Just to let you know that it is not possible to book Calais to Folkestone as a one way crossing. They can at present book singles Folkestone - Calais and also returns. 

I like to go out on the boat and back via the tunnel. All my P&O crossings reflect this, so now I need to amend them all! 

Russell


----------



## teemyob (Nov 22, 2005)

*Amend*

Hello Russel,

I understand this P&O Charge to be £10. However, I have just amended a Hull - Zeebrugge crossing and they charged me £30!. They insisted and would not budge.

Let me know how you go on?

Trev.


----------



## Rapide561 (Oct 1, 2005)

*Amendment fee*

Hi Trev

I booked the Club Lounge for each crossing at a cost of £12. This gives you somewhere quiet to sit, a cuppa and so on.
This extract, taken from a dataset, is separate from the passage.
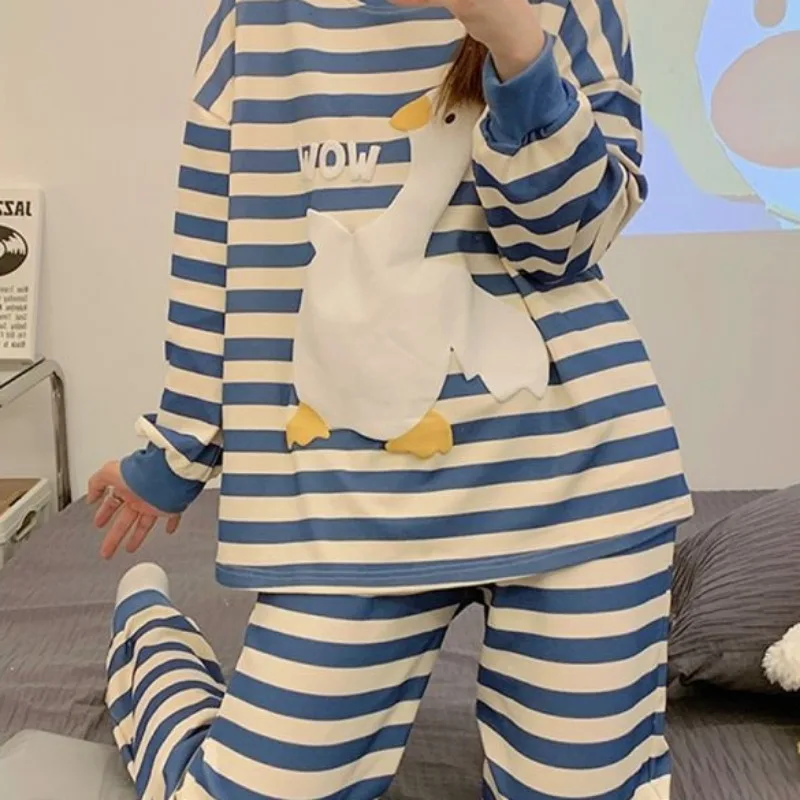 Новейшая одежда для сна в стиле оверсайз свободная Повседневная Ночная рубашка с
It also allows free amendments to your crossings.

All sorted now - P&O now the operator for Ca-Do, with Eurotunnel for Ca-Fo.
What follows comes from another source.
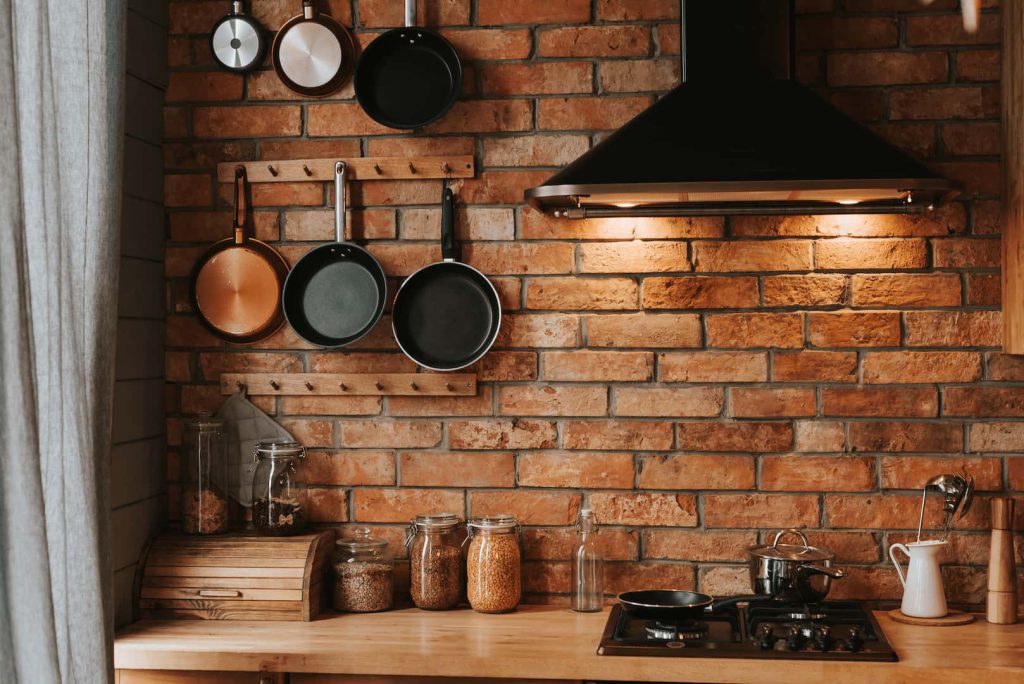 cozinha americana industrial apartamento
Eurotunnel said it was due to the fact the offer was only for UK residents.

I will have a feww crossings for sale I think (sale aswell as sail)

Russell


----------



## carol (May 9, 2005)

Russel out of curiosity how much does the one-way tunnel crossing cost you with your Tesco card vouchers.

Carol


----------



## Rapide561 (Oct 1, 2005)

*Tunnel*

Hi Carol

My crossing on Saturday 29th is £73 for a departure at 20.20. I will however try to get away two hours earlier than that.

All the others are pre booked at £61.

Russell

Ferries were mostly £31.25 and £37.50

Russell


----------



## carol (May 9, 2005)

Thanks Russell..... I too had come across the no one way ticket when trying to book something back from Calais when we pick up the new motorhome, and was curious....as I am saving my vouchers up for 2009 as we have bought 2008 crossings.... 

Carol


----------